本文提出了一种用于机器人操纵器轨迹跟踪的顺变导纳自适应固定时间滑模控制（SMC）算法。具体来说，将顺应式可变导纳算法和自适应固定时间 SMC 算法相结合，构建了一个双环控制结构。在外环中，开发了可变导纳算法，在碰撞过程中调整导纳参数，使碰撞时间最小化，从而使机器人具有顺应性，减少刚性碰撞的影响。然后，利用 Lyapunov 理论和定时稳定性理论，提出了一种新的非奇异滑模流形，并在内环中提出了一种自适应定时 SMC 算法。更确切地说，这种方法能实现快速收敛、更高的稳态跟踪精度以及与系统初始状态无关的稳定时间。因此，通过大量的模拟和实验结果，证明了所提算法的有效性和性能改进。
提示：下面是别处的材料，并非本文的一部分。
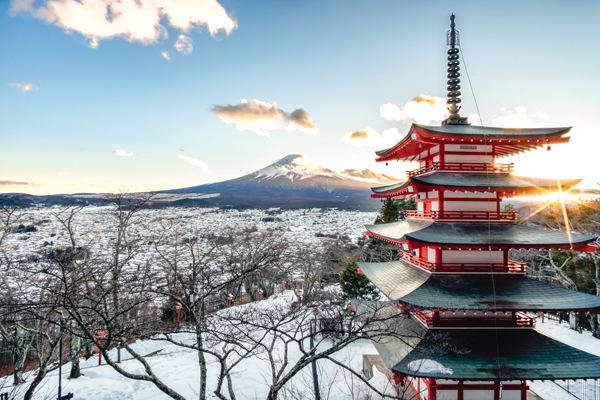 日本富士山清水寺雪景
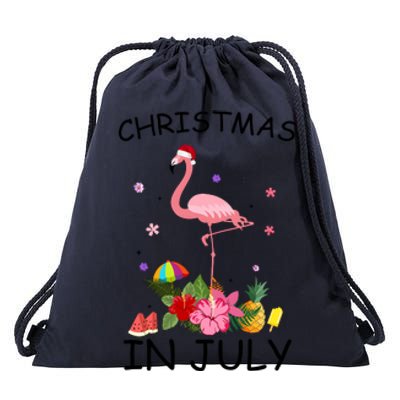 Flamingo Christmas Santa In July Drawstring Bag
本文章由计算机程序翻译，如有差异，请以英文原文为准。

查看原文本刊更多论文

Compliant variable admittance adaptive fixed-time sliding mode control for trajectory tracking of robotic manipulators

This paper presents a compliant variable admittance adaptive fixed-time sliding mode control (SMC) algorithm for trajectory tracking of robotic manipulators. Specifically, a compliant variable admittance algorithm and an adaptive fixed-time SMC algorithm are combined to construct a double-loop control structure. In the outer loop, the variable admittance algorithm is developed to adjust admittance parameters during a collision to minimize the collision time, which gives the robot compliance property and reduce the rigid collision influence. Then, by employing the Lyapunov theory and the fixed-time stability theory, a new nonsingular sliding mode manifold is proposed and an adaptive fixed-time SMC algorithm is presented in the inner loop. More precisely, this approach enables rapid convergence, enhanced steady-state tracking precision, and a settling time that is independent of system initial states. As a result, the effectiveness and improved performance of the proposed algorithm are demonstrated through extensive simulations and experimental results.

求助全文

通过发布文献求助，成功后即可免费获取论文全文。去求助

来源期刊

Robotica 工程技术-机器人学

CiteScore

4.50

自引率

22.20%

发文量

181

审稿时长

9.9 months

期刊介绍： Robotica is a forum for the multidisciplinary subject of robotics and encourages developments, applications and research in this important field of automation and robotics with regard to industry, health, education and economic and social aspects of relevance. Coverage includes activities in hostile environments, applications in the service and manufacturing industries, biological robotics, dynamics and kinematics involved in robot design and uses, on-line robots, robot task planning, rehabilitation robotics, sensory perception, software in the widest sense, particularly in respect of programming languages and links with CAD/CAM systems, telerobotics and various other areas. In addition, interest is focused on various Artificial Intelligence topics of theoretical and practical interest.